WHAT THE TASK ASKS
Reproduce the lines below exactly, from the one containing "Шар на ель Зимнее" through the one containing "Product Cover Gooby", both included. Leave out any pictures.

DATA SHOWN
# # # # # # #

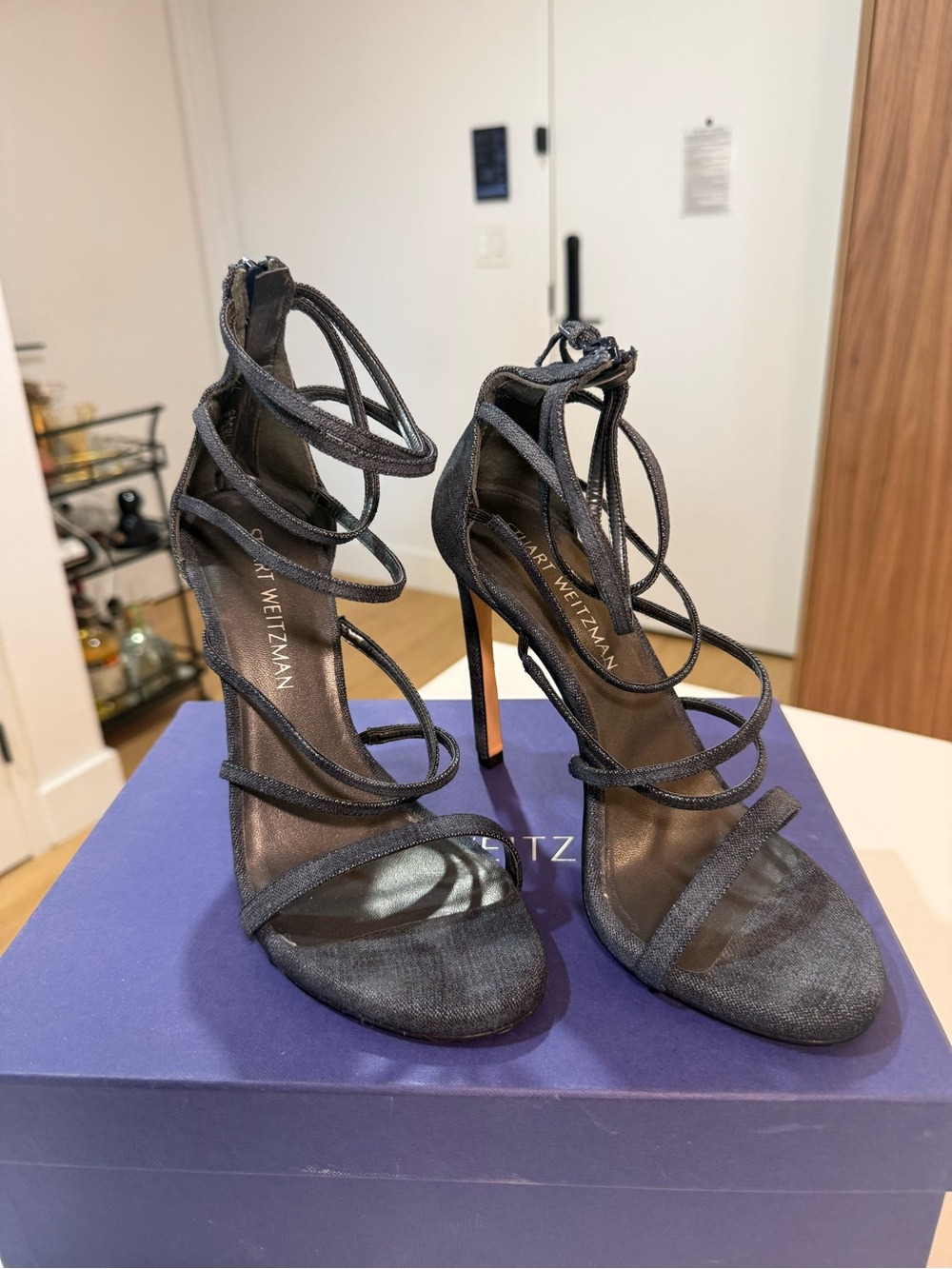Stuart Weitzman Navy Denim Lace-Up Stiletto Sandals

# # # # # # #

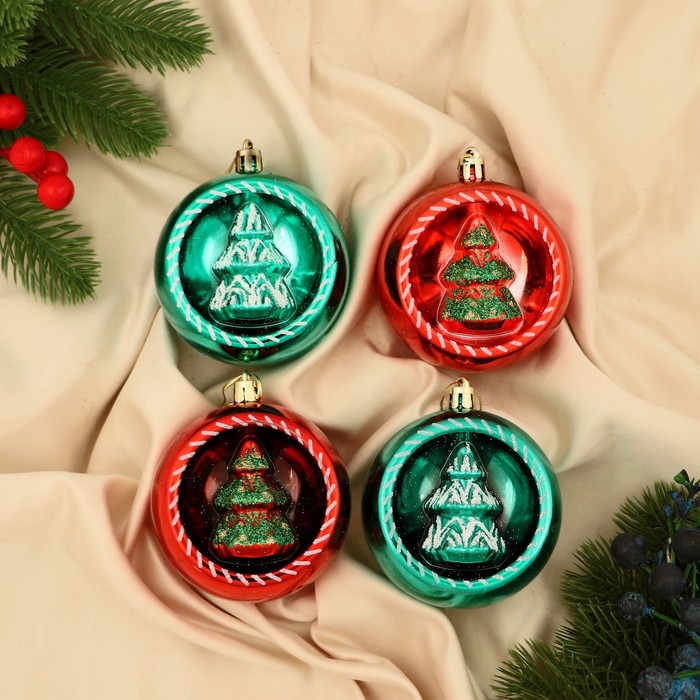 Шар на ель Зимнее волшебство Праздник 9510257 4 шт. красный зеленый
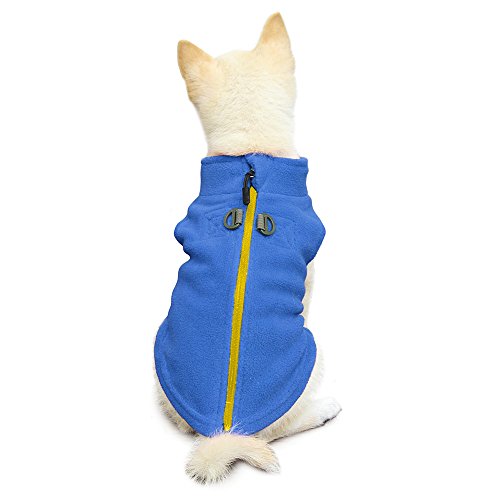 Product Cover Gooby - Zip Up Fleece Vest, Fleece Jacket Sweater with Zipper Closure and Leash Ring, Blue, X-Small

# # # # # # #

TASK ANSWER
 Шар на ель Зимнее волшебство Праздник 9510257 4 шт. красный зеленый
 Product Cover Gooby - Zip Up Fleece Vest, Fleece Jacket Sweater with Zipper Closure and Leash Ring, Blue, X-Small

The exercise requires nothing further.